The decrease in CD45 indicates that the AC133+ stem cells are changing from precursors to HSCs into the HSC cells themselves. The decrease in CD31 and CD144 indicate a decrease in endothelial cells, which may indicate that the cells that were formerly endothelial transformed into another type of cell. The increase in CD195 is a definite indicator that blood cells such as monocytes and T cells are formed from the AC133+ cells, while the increase in CD105 is an indicator that angiogenesis is increasing.
The physical changes in the AC133+ stem cells lead to the conclusion that the U251 cells, when under hypoxic or nutrient deprived conditions, cause stem cells to differentiate and assist in angiogenesis. This change may play a major factor in the failure of anti-angiogenic drugs to treat cancer, and ultimately result in the death of the patient.

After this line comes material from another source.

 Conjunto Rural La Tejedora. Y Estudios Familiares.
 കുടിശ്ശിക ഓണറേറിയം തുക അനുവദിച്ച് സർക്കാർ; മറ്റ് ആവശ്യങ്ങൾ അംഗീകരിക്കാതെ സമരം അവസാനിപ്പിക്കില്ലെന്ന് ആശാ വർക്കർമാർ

Discussions and Conclusion
The objective of this study was to investigate the interaction of AC133+ stem cells with hypoxic U251 glioblastoma cell microenvironment. The microenvironment was modeled as the supernatant separated from the U251 cells subjected to hypoxic condition. The supernatant contained all the angiogenic factors released by the U251 glioblastoma cells. AC133+ stem cells were added to the supernatant to model its interaction with U251 cells under hypoxic condition. According to our hypothesis, the stem cells differentiation into blood vessels would only occur when U251 cells are in a hypoxic condition. This research contributes in understanding the fundamental process of interaction between glioblastoma cells and AC133+ stem cells. The hypothesis provides a plausible explanation about the poor efficacy of anti-angiogenic drugs for brain cancer therapy.
Dr. Ali Syed Arbab, Senior Scientist and Director of Molecular and Cellular Research Laboratory at Henry Ford Hospital, was my mentor for the research project. He provided all materials for my research work and helped me with data analysis. He also trained me in the basic cellular protocols and staining protocols of stem cells and U251 glioblastoma cells. Safa Khan and Thomas Ittoop, summer undergraduate volunteers at the laboratory, performed Flow Cytometry for all cells.